After the World Championship, Yuuya Watanabe was awarded the Pro Player of the year title, making him the fifth consecutive Japanese player to win the award.

| Rank | Player | Pro Points |
| 1 | JPN Yuuya Watanabe | 78 |
| 2 | JPN Tomoharu Saitou | 66 |
| 3 | CZE Martin Juza | 64 |
| 4 | FRA Gabriel Nassif | 60 |
| 5 | JPN Shuhei Nakamura | 56 |
| BRA Paulo Vitor Damo da Rosa | 56 |
| 7 | USA Luis Scott-Vargas | 52 |
| 8 | JPN Kazuya Mitamura | 50 |

== Performance by country ==

The United States had the most Top 8 appearances at ten, but they also had by far the most players playing in the Pro Tour.

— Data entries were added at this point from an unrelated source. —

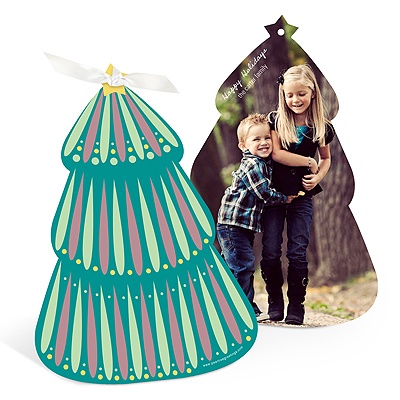 Photo Folk Art Christmas Tree Ornament -- Holiday Photo Cards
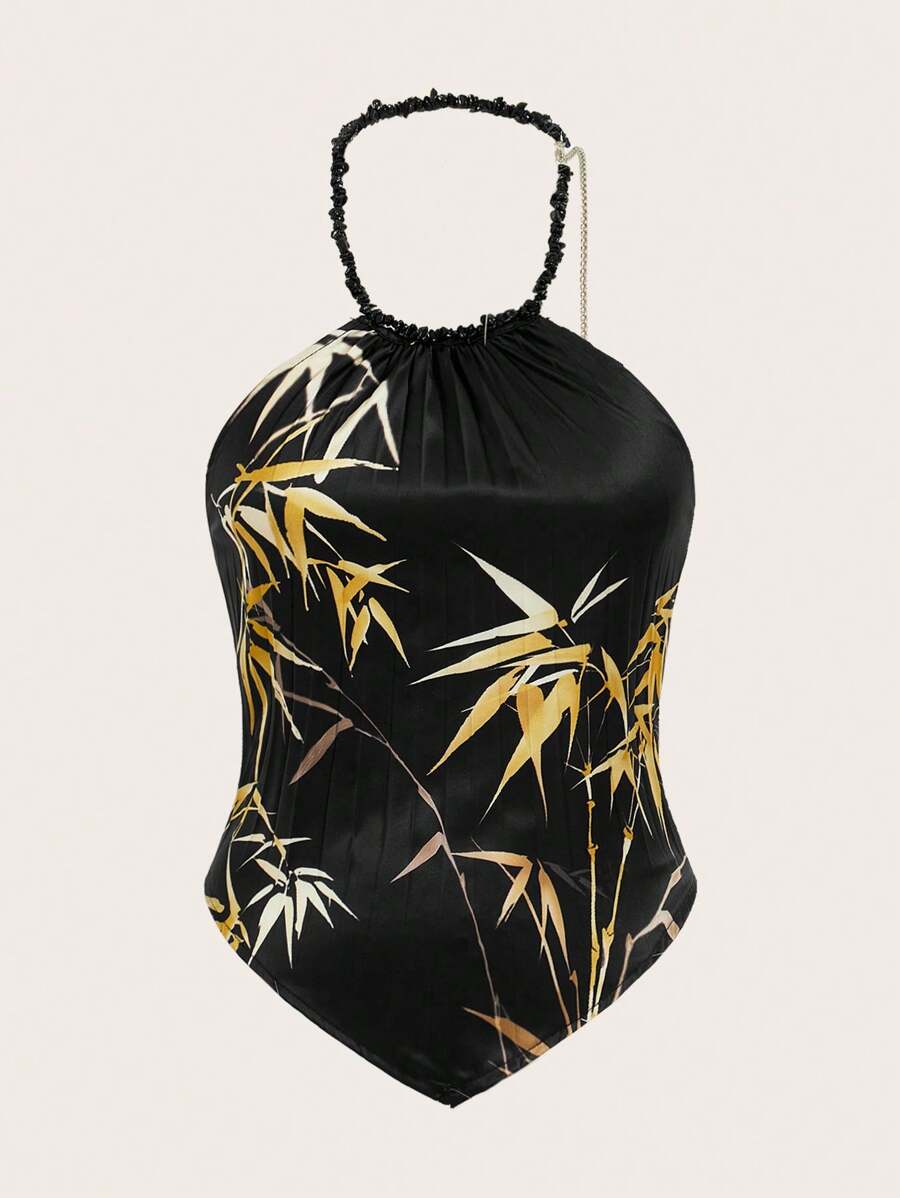 EastFlair New Chinese Style Beaded Chain Pendant Bamboo Print Pleated Tank Top For Women, Suitable For Parties And Dates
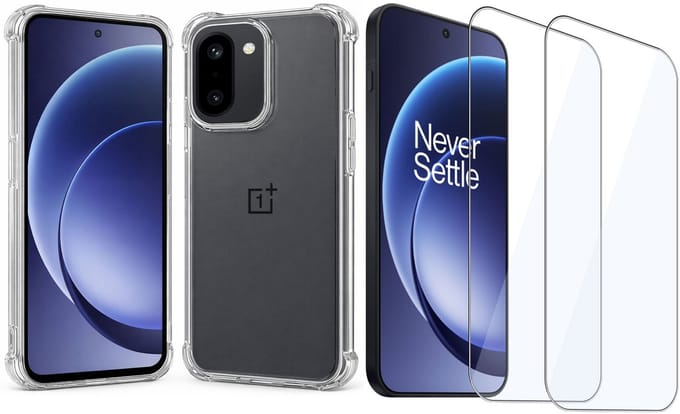 TechNow Hoesje + 2x Screenprotector geschikt voor OnePlus 15R Hoesje Screenprotector - Tempered Glass - Extreme Shock Case Transparant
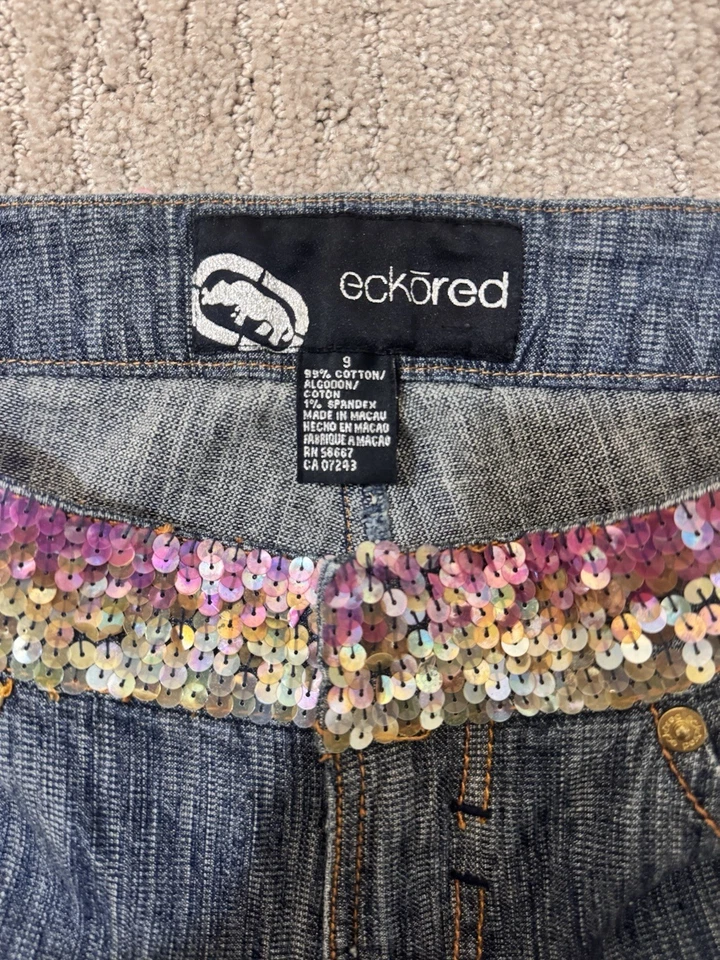 Jeans acampanados rojos Ecko adornados con lentejuelas bootcut tiro bajo Y2K vintage años 90’s raros Foto 4 de 4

With Japan at 17 they share the highest number of level 4+ professional Magic players, too.

| Country | T8 | Q | Q/T8 | M | GT | Best Player (PPts) |
|---|---|---|---|---|---|---|
| USA United States | 10 | 426 | 43 | 208 | 17 | Luis Scott-Vargas (52) |
| JPN Japan | 6 | 175 | 29 | 149 | 17 | Yuuya Watanabe (78) |
| GER Germany | 2 | 73 | 37 | 168 | 5 | Lino Burgold (32) |
| BEL Belgium | 2 | 34 | 17 | 191 | 4 | Marijn Lybaert (25) |
| CZE Czech Republic | 2 | 35 | 18 | 113 | 3 | Martin Juza (64) |
| FRA France | 1 | 81 | 81 | 198 | 5 | Gabriel Nassif (60) |
| BRA Brazil | 1 | 39 | 39 | 196 | 2 | Paulo Vitor Damo da Rosa (56) |
| ITA Italy | 1 | 73 | 73 | 248 | 2 | Riccardo Neri (24) |

T8 = Number of players from that country appearing in a Pro Tour Top 8; Q = Number of players from that country participating in Pro Tours; M = Median finish over all PTs; GT = Gravy Trainers (aka players with a Pro Players Club level of 4 or more) from that country created in the 2009 season; Best Player (PPts) = Player with the most Pro Points from that country, Pro Points of that player in brackets.